Dr. Tuttle says the key is not the SPF (sun protection factor) number but rather applying sunscreen generously and often. Wear sunscreen whenever you’re out in the sun, no matter the activity. Stick to SPF 30 since it provides 97% protection from the sun’s rays. And use an ounce of sunscreen—roughly the same amount as a travel-sized hand sanitizer bottle. Reapply every one to two hours and whenever you sweat or swim.
Dr. Tuttle adds that for full protection, sunscreen needs to be applied 15 to 20 minutes before sun exposure. So apply sunscreen before leaving the house, not when you arrive at the park or beach.

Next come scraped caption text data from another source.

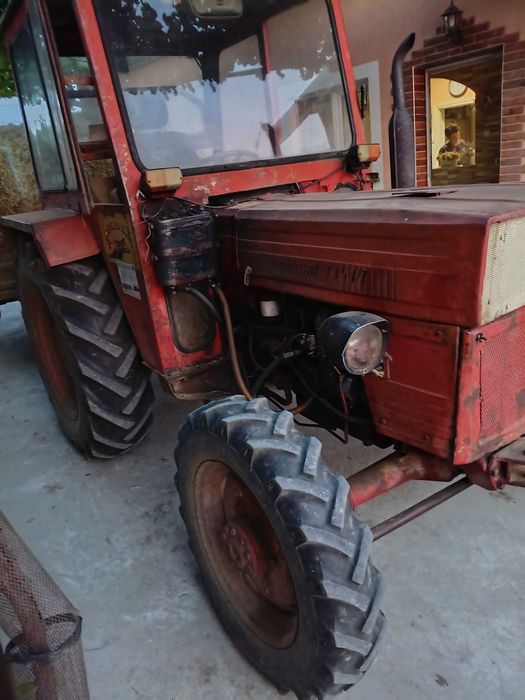 Tractor Fiat 4x4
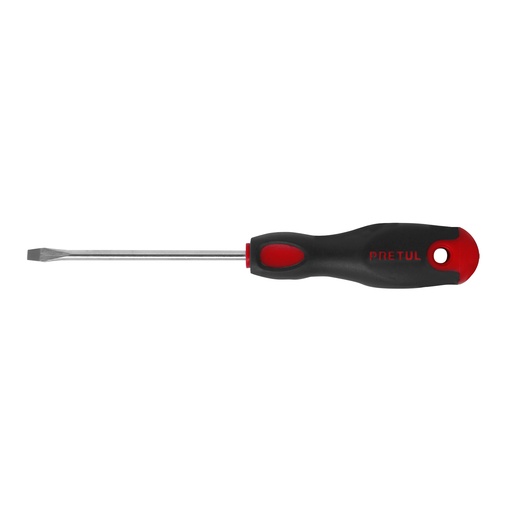 [HC63638] PRETUL DESARMADOR PLANO DR-3/16X4BP MGO COMFORT GRIP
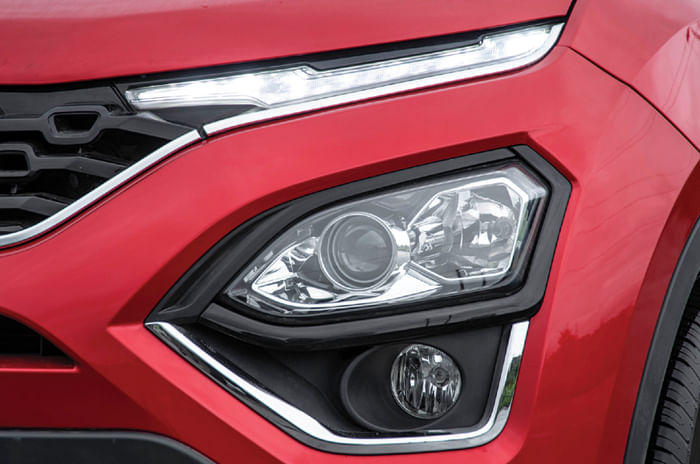 2020 Tata Harrier review, road test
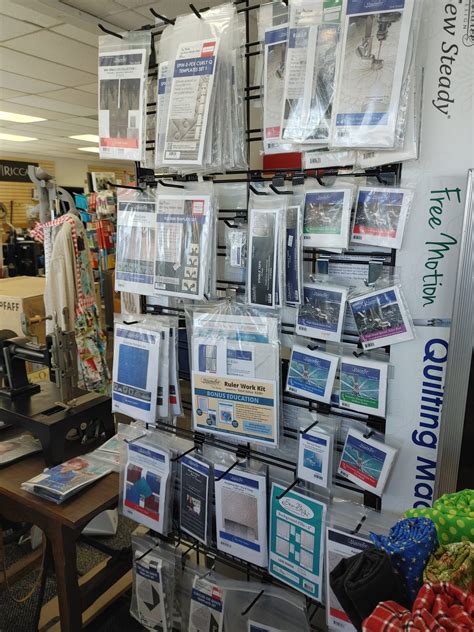 El Cajon Sew & Vac | Sew Steady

Many sunscreen options are available, so try different types to find what you need, such as formulas that leave no residue or are free of chemicals your body might react to. Sunscreens are also available specifically for children, who are at high risk for sunburns that could increase their skin-cancer risk later in life.
Finally, make sure everyone in your group is wearing sunscreen, regardless of skin tone. Despite popular misconceptions, people of color are still susceptible to sunburn and are at higher risk for different types of melanoma.